D. J. McMahon2, R. J. Brown, G. H. Richardson and C. A. Ernstrom

Department of Nutrition and Food Sciences, Utah State University, Logan 84322

ABSTRACT

Monitoring enzymic milk coagulation by turbidity changes of undiluted milk is complementary to measurements of changes of curd firmness. Turbidity measurements are sensitive to initial stages of micelle aggregation and demonstrate that aggregation begins well before any visual observation of coagulation. A point is reached during aggregation in which a three dimensionally crosslinked network of casein micelles is formed, and following this, coagulation can be observed visually or rheologically.

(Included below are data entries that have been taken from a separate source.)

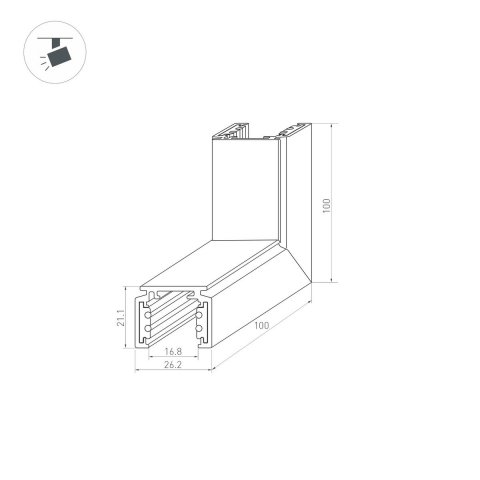 Коннектор L-образный внешний Arlight Mag-Orient-Con-2620-L90-EXT 037326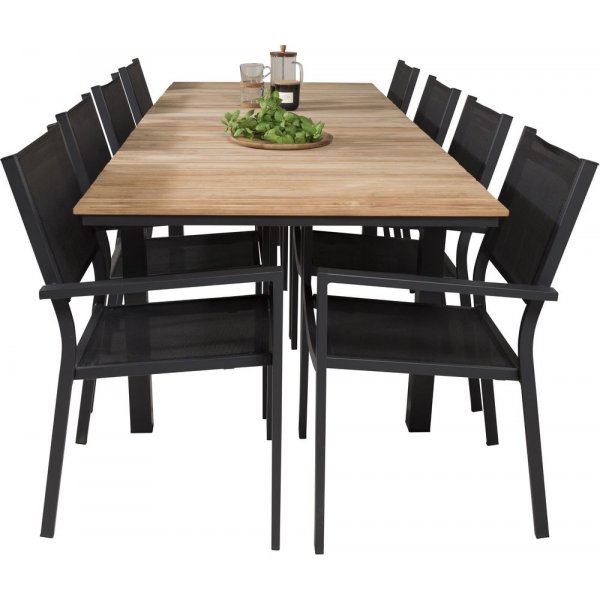 Maglehem Matgrupp (160x90) - Svart/Natur - 8 Stolar Maglehem Matgrupp (160x90) - Svart/Natur - 8 Stolar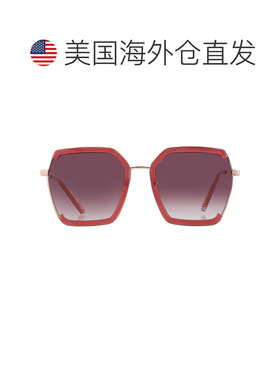 自营Guess Factory Bordeaux Gradient Butterfly Ladies Sunglas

Coagulation time initially decreased upon calcium addition and reached a minimum at .05 M calcium. At high calcium (.4 M), coagulation time was severely retarded. Curd firming rate increased and reached a maximum at .01 M calcium. At higher calcium curd firmness was reduced. Turbidity after coagulation decreased on calcium addition suggesting that calcium affects extensiveness of the gel network. Addition of phosphate 30 min prior to enzyme addition also reduced coagulation time with minimum at .01 M phosphate. When bulk culture media were added, pH of the media had a greater effect on coagulation time than did added phosphates.


FOOTNOTES

1 Utah Agricultural Research Station Journal Paper No. 2856.

2 Kraft Foods, Ltd., Salmon Street, Port Melbourne, Victoria, 3207, Australia.